Further, the Lebanese authorities have consistently failed to hold accountable the perpetrators of grave human rights abuses. No one has yet been held accountable for the catastrophic explosion in Beirut’s port on August 4, 2020, which killed at least 219 people and devastated half the city. Human Rights Watch’s review of hundreds of pages of official documents strongly suggests that some government officials foresaw the death that the ammonium nitrate’s presence in the port could result in and tacitly accepted the risk of the deaths occurring. This amounts to a violation of the right to life under international human rights law.


Instead, Lebanese authorities have escalated their attacks on free speech and assembly in the wake of the October 17, 2019, nationwide protests. Security forces used excessive and at times lethal force against mostly peaceful protesters – with impunity. And authorities continued to investigate and prosecute individuals for peaceful speech, including in Lebanon’s inherently unfair and abusive military courts.

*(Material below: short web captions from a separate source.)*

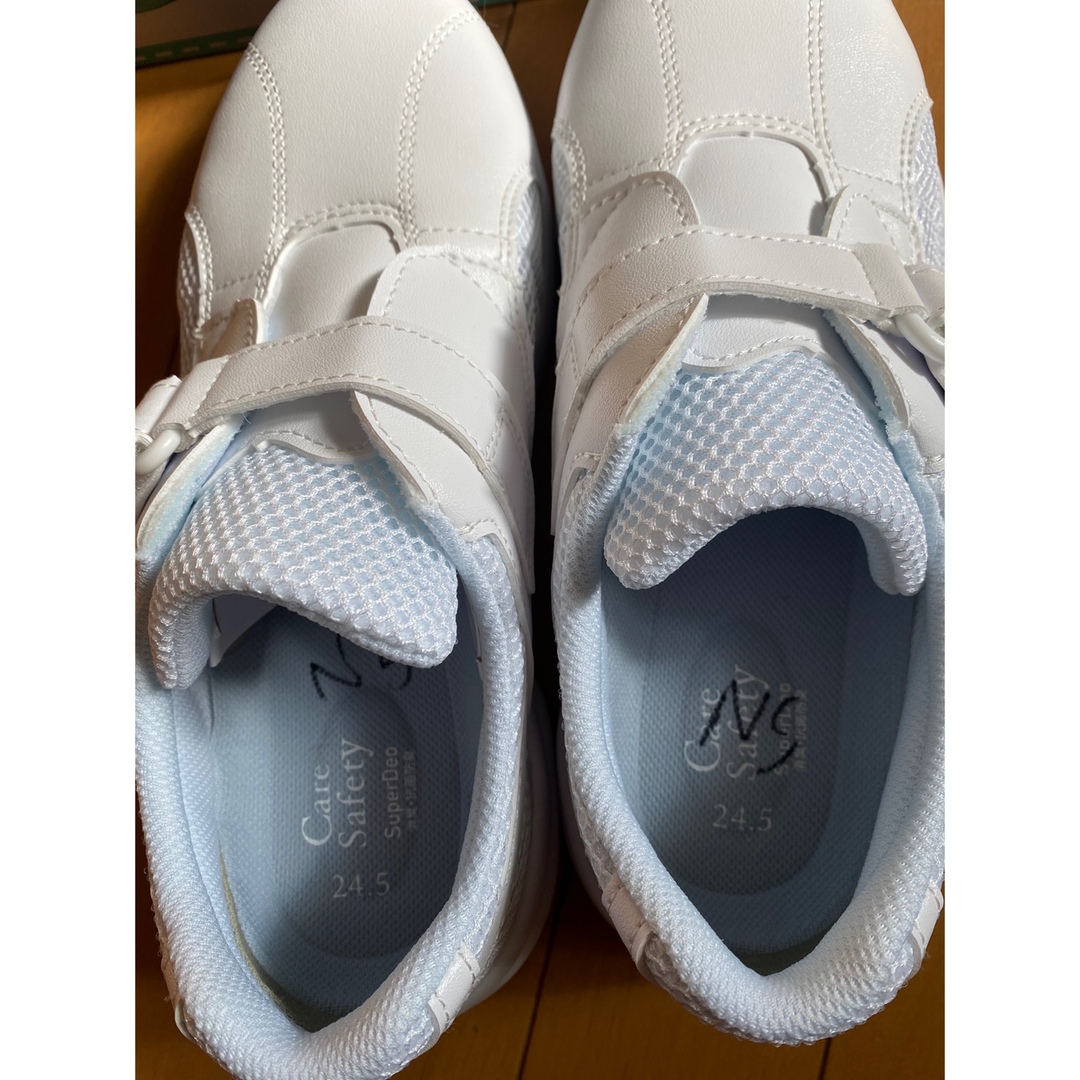 ミドリ安全(ミドリアンゼン)のミドリ安全 軽量メディカル作業靴 CSS-01N 24.5 CSS-01N-W- レディースの靴/シューズ(その他)の商品写真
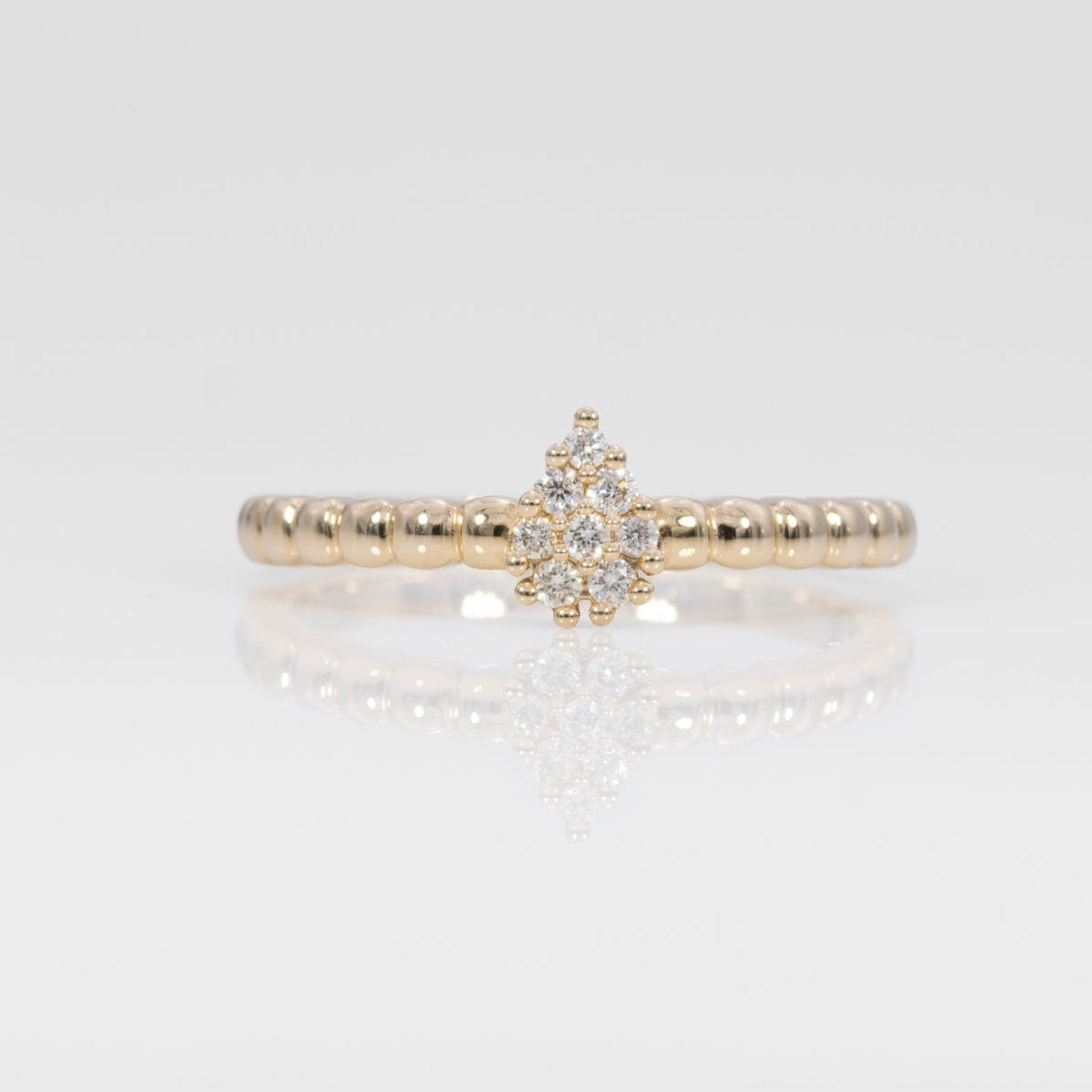 14K yellow gold diamond band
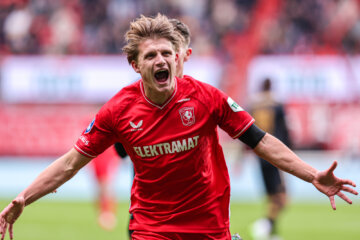 Sem Steijn viert treffer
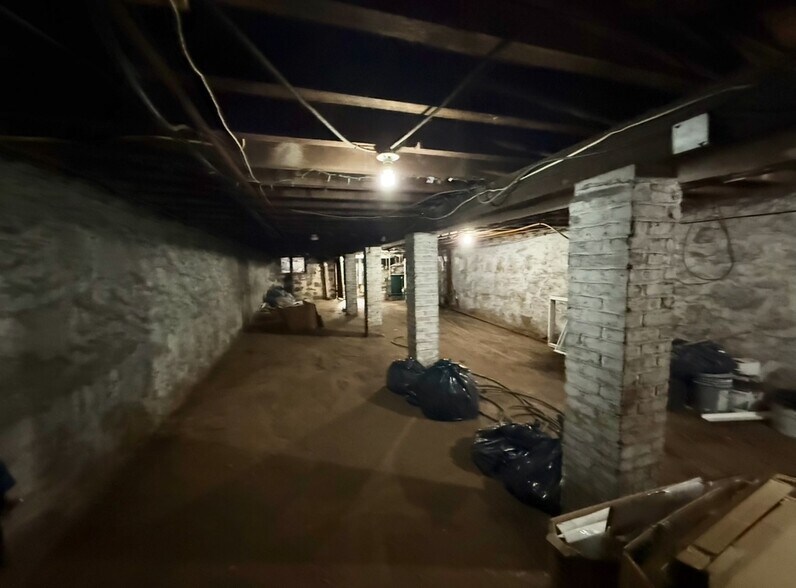 More Photos Of 872 Broadway, Bayonne Office For Sale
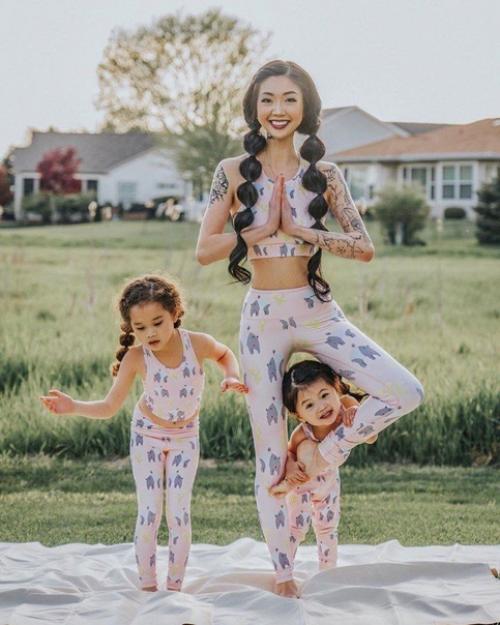 Самые шикарные мамочки, которые на спорте. 03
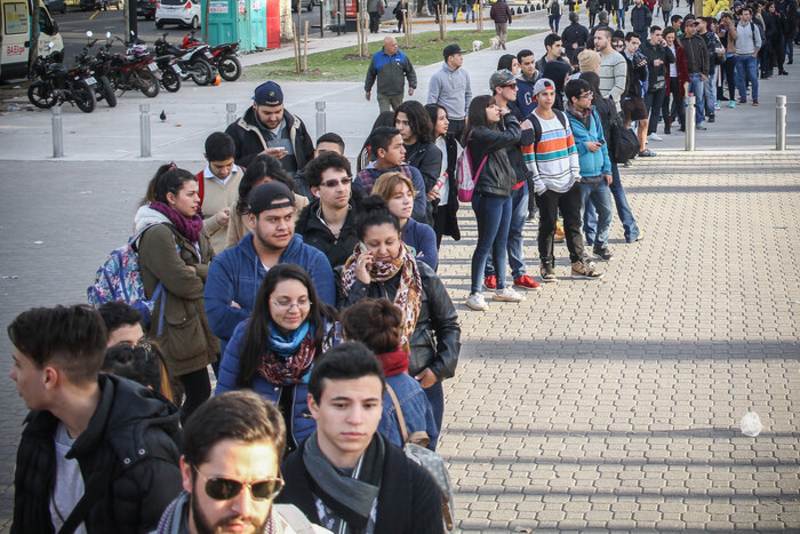El informe se realizó con los datos de 31 aglomerados urbanos de la encuesta permanente de hogares, y revela que en los primeros meses en Argentina 350 mil personas perdieron su empleo. Dentro de la población ocupada la tasa de informalidad fue del 42,0%. Sobre el total de personas con empleo un 10% manifestó que el salario resulta insuficiente para cubrir las necesidades básicas y se encuentra buscando otra fuente de ingresos.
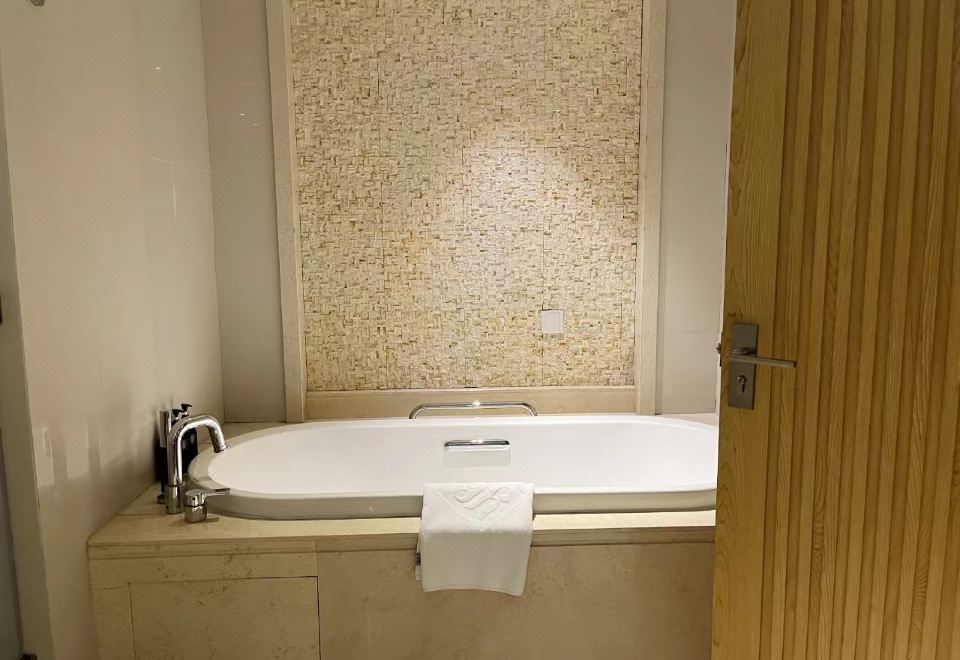 家庭套房（深泡浴缸+双大床+超大面积）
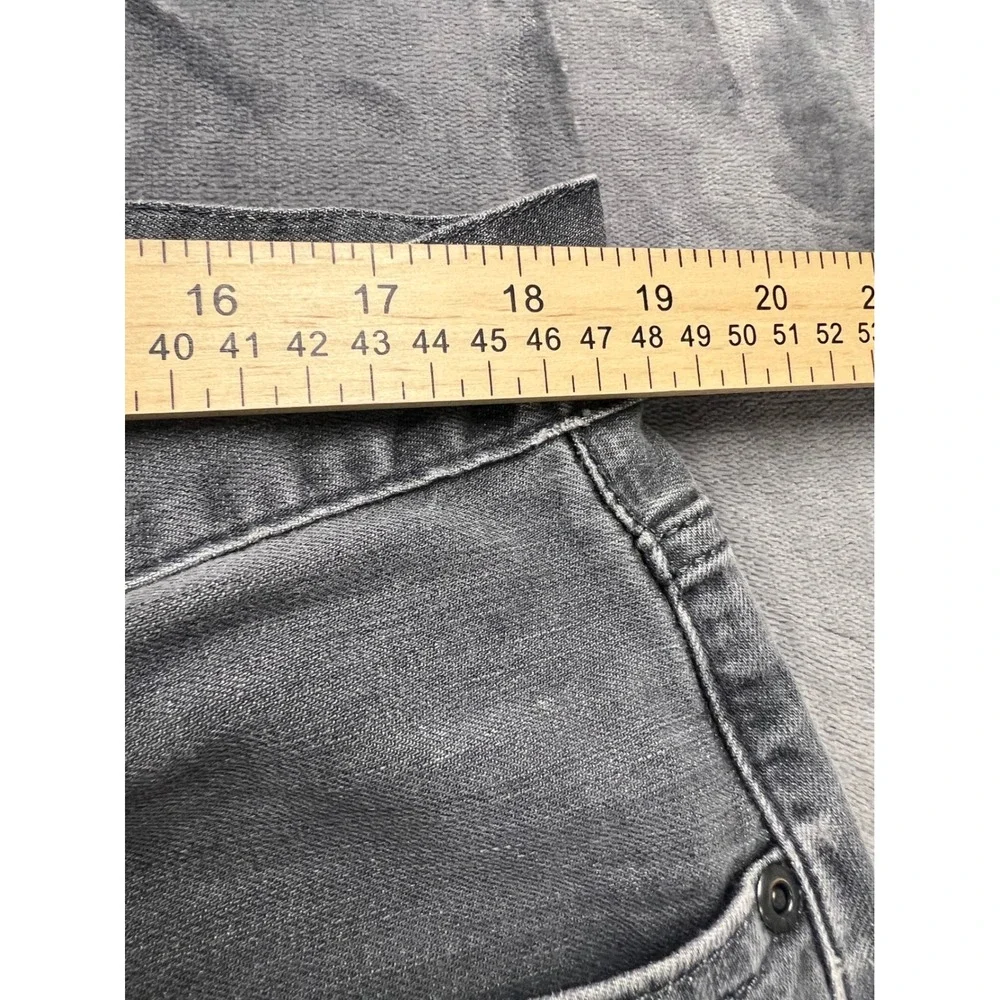 Gap 1969 Straight Leg Jeans Mens 38x32 Grey Denim Fall 2012 Clean Grey Wash‎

We urge you to use this visit to make clear to the Lebanese government that if they want the support of the international community, they need to urgently implement credible reforms. Anything less risks further emboldening them to continue with abuses and will be a signal to the Lebanese public that the international community, and especially the United Nations system, has failed them.

We would be happy to meet with you and your team in advance of your visit to discuss these recommendations.